Because of this, the Whitman Debate Team and the national debate community have started to provide more opportunities for women to gain a stronger presence in the activity.  

When senior debater John-Henry Heckendorn first joined the Whitman Debate Team in 2008, there were only a few women on the team.

Now, in part because of efforts to promote female participation by Debate Coach and Professor of Forensics Jim Hanson, Whitman’s Parliamentary team has six women and thirteen men and the Policy team has four women and four men.

While these numbers seem to be moving towards a more even ratio, the community at large is currently still dominated by men. Hanson said that there is probably a three to one ratio of male to female debaters nationally.

“Women are not well-represented in debate.

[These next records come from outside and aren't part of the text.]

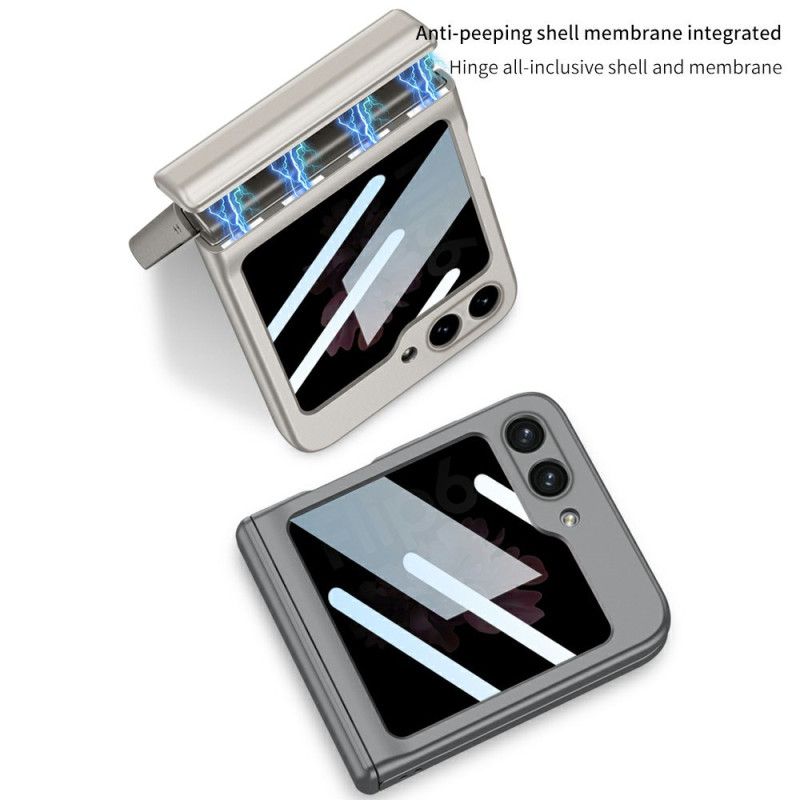 Etui Do Samsung Galaxy Z Flip 7 Fe Gkk Anti-spy Screen Protector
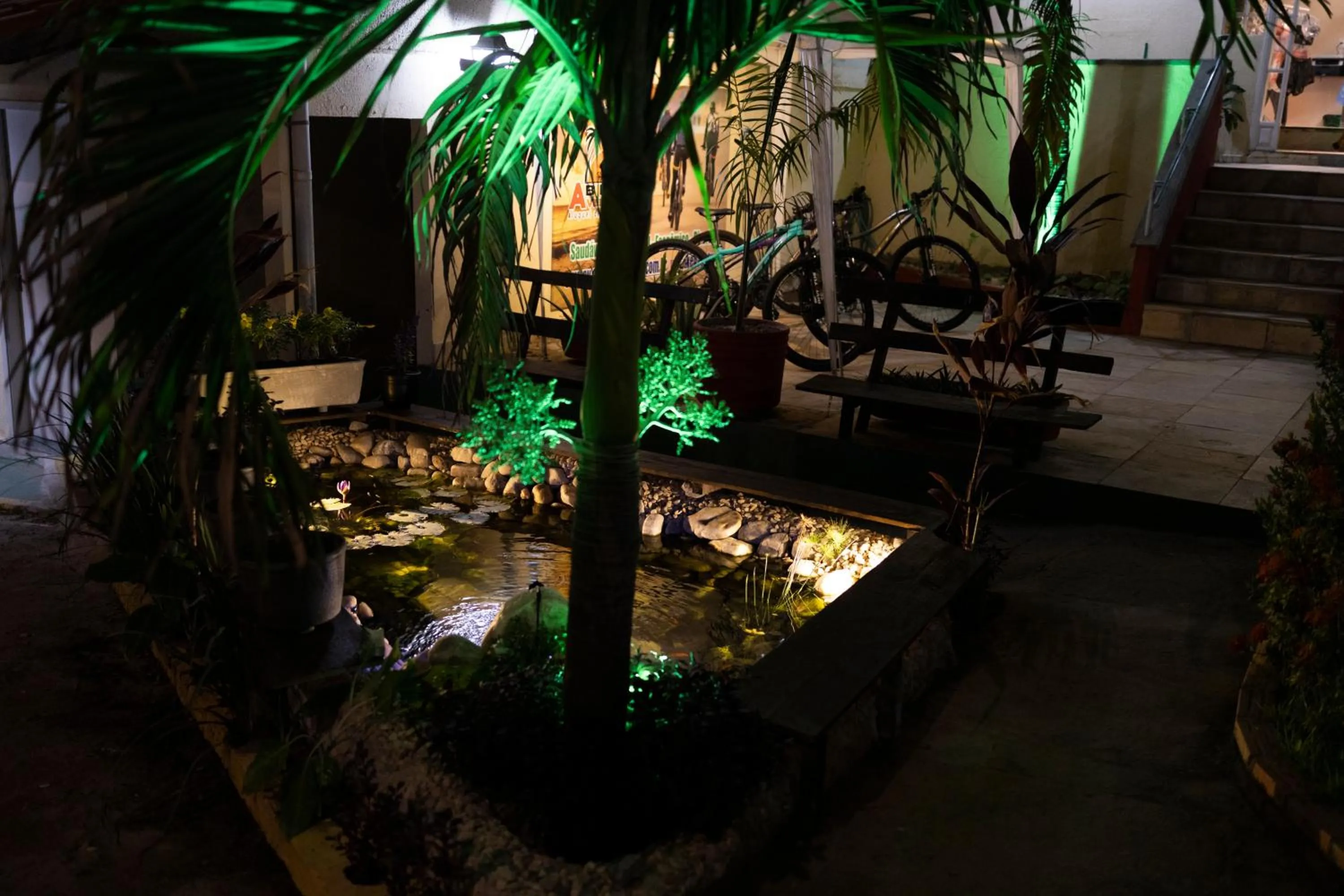 Lake view in Pousada Ceará - Porto das Dunas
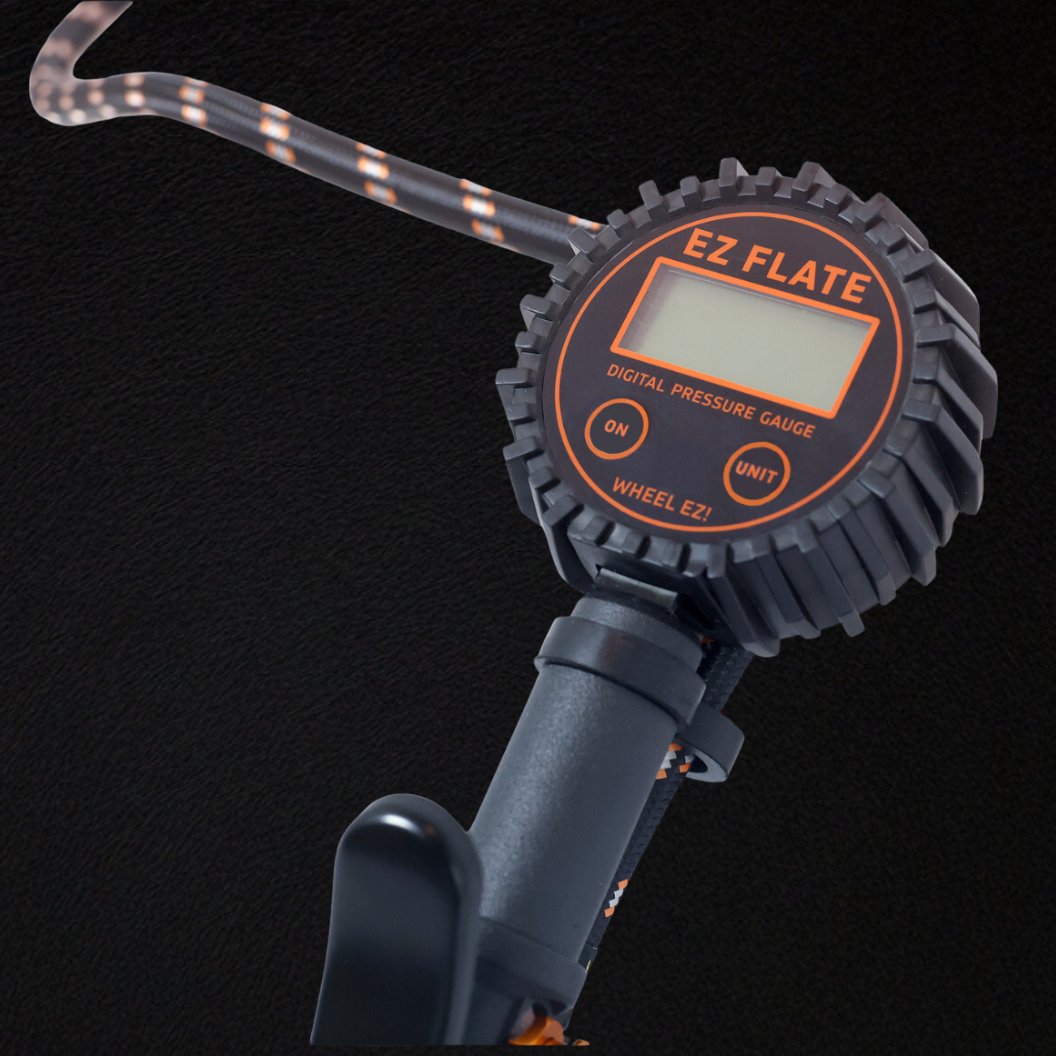 Digital Single Tire Inflator for Accurate and Easy Inflation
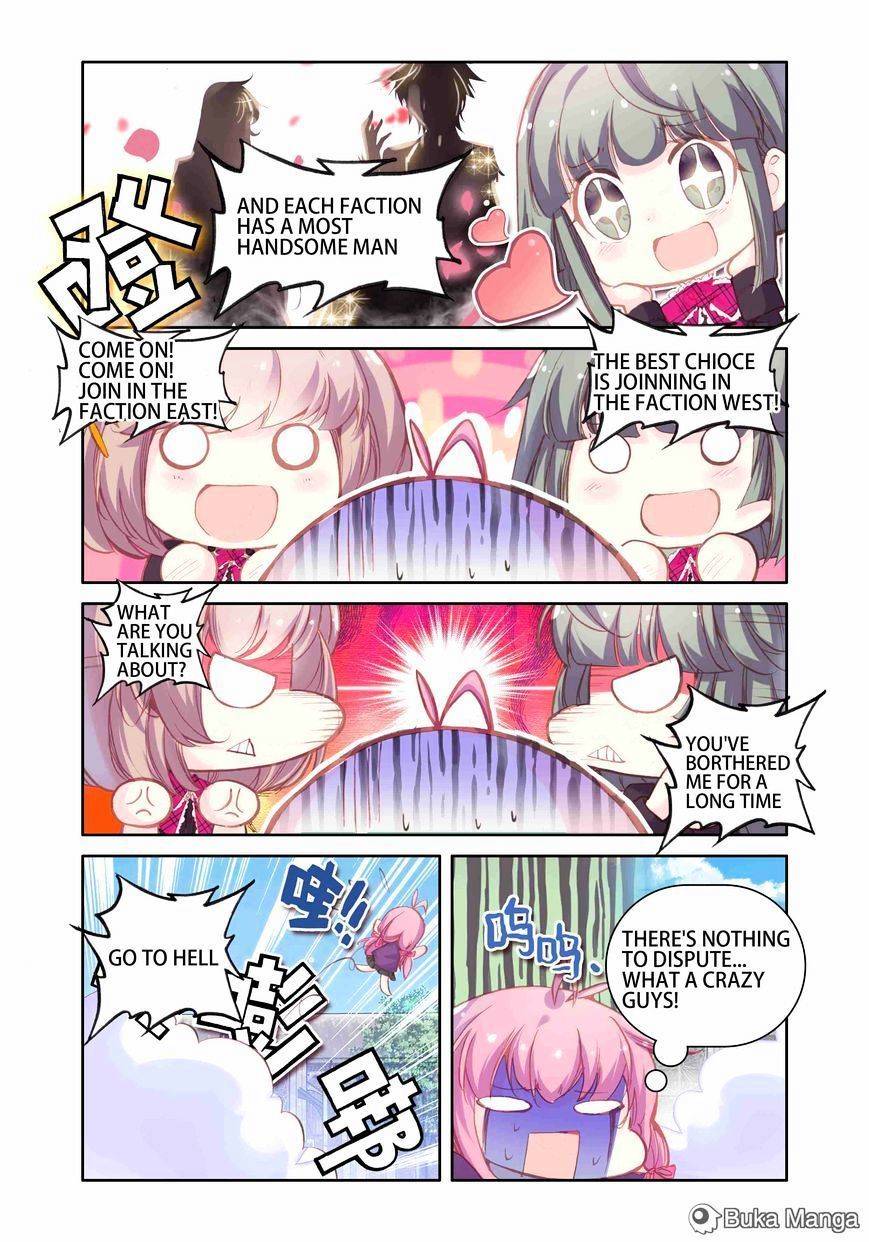 The Scarlet Vow Chapter 1 page 24 - Chapter 1: Meet Vampires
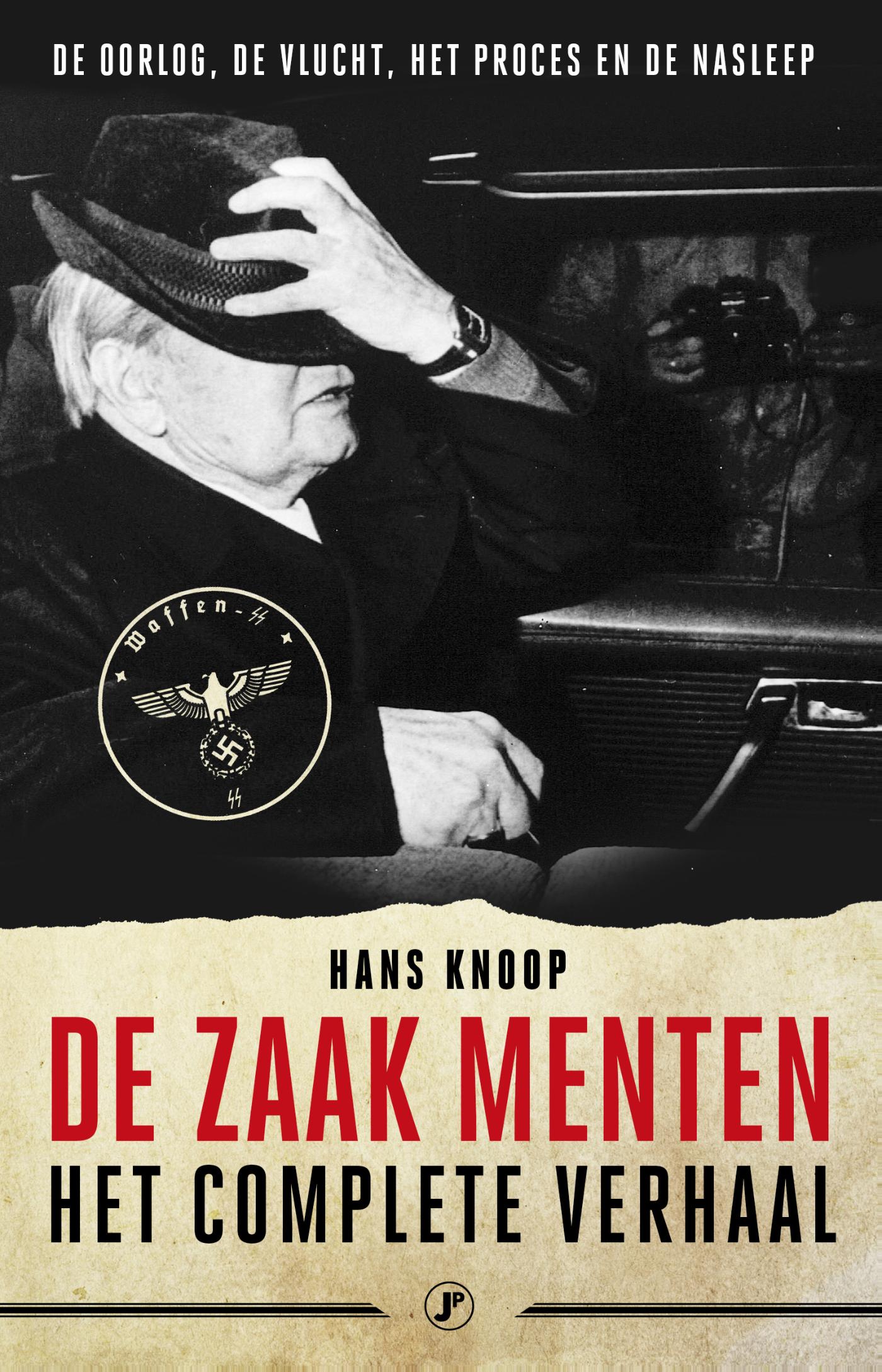 Omslag van De zaak menten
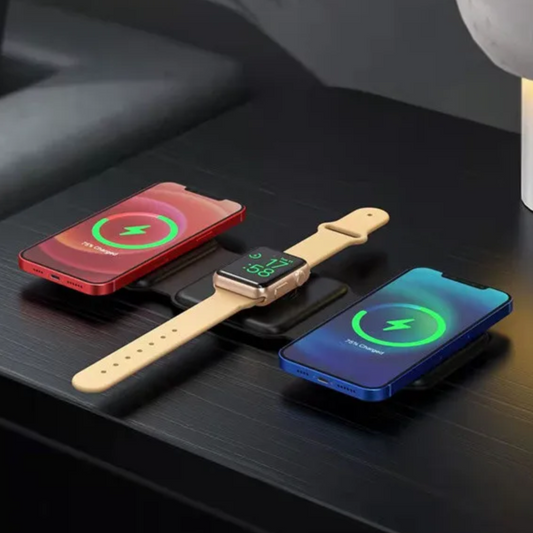 Trisluoksnis magnetinis pakrovėjas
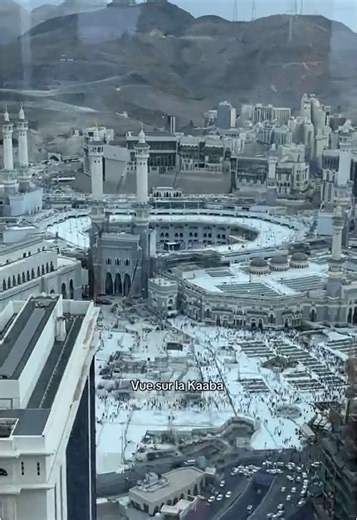 Hôtel à la Mecque avec vue imprenable sur la Kaaba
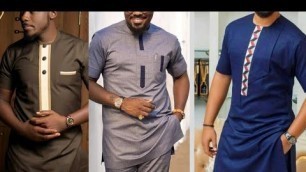 African Men's Clothing / Max Print / Dashiki /  Latest Asoebi Styles Collections / Senator's Styles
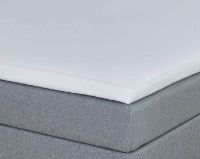 Billede af CPH Living Kuvertlagen Egyptisk Bomuldssatin 90x200x6 cm - Hvid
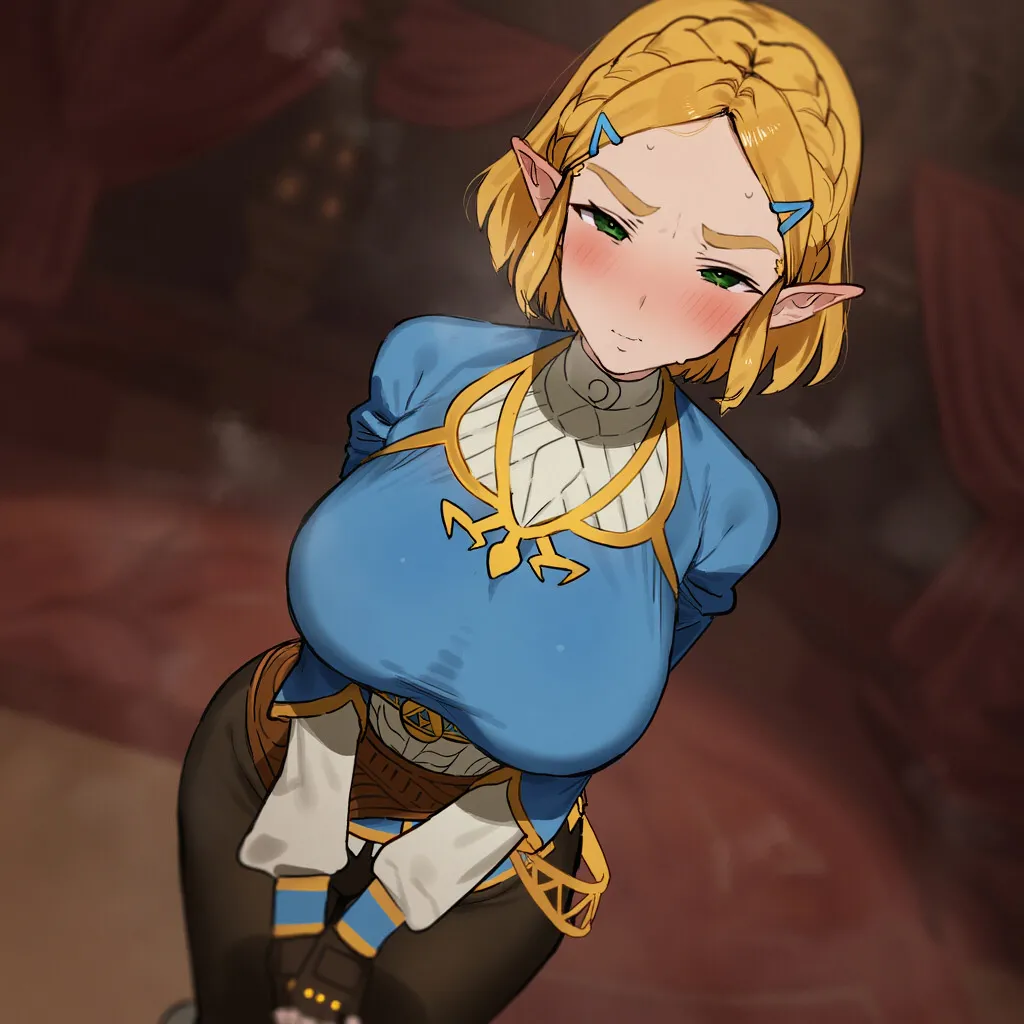 Myanu Zelda x Ganondorf 345p Patreon - Image 3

It’s not an equal distribution of sexes in round or in the judging community,” junior debater Miranda Morton said.

Junior debater Carly Johnson noted that sexism in debate seems to come largely from the general influence of society.

Illustration by Bailey

Illustration by Bailey

“I definitely think [sexism in debate] is a real problem, but it’s not necessarily something that stems from the debate activity or community but [from] larger forces,” she said.

Associate Professor of Religion and Director of the Gender Studies Program Melissa Wilcox discussed this issue.

“It’s part of our society that women are expected to be accommodating; women are expected to be nice,” Wilcox said. “Men are expected to be aggressive, they’re expected to be tough, they’re expected to be go-getters . . . Therefore, when a woman is perceived as a tough, aggressive go-getter, she’s bitchy, she’s masculine, she’s a lesbian.”

Morton agreed that sexism within the debate community is a reflection of a greater social problem.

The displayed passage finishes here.